▼

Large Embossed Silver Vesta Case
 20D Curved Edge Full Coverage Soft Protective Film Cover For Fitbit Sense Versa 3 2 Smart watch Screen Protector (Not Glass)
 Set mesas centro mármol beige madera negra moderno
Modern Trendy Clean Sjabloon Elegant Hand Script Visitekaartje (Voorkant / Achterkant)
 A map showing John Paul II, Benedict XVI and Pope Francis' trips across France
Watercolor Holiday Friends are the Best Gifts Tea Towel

▲

The task: Each line from the one that contains "Modern Trendy Clean" through the end of the material above should be returned exactly, and nothing else.

Response below:
Modern Trendy Clean Sjabloon Elegant Hand Script Visitekaartje (Voorkant / Achterkant)
 A map showing John Paul II, Benedict XVI and Pope Francis' trips across France
Watercolor Holiday Friends are the Best Gifts Tea Towel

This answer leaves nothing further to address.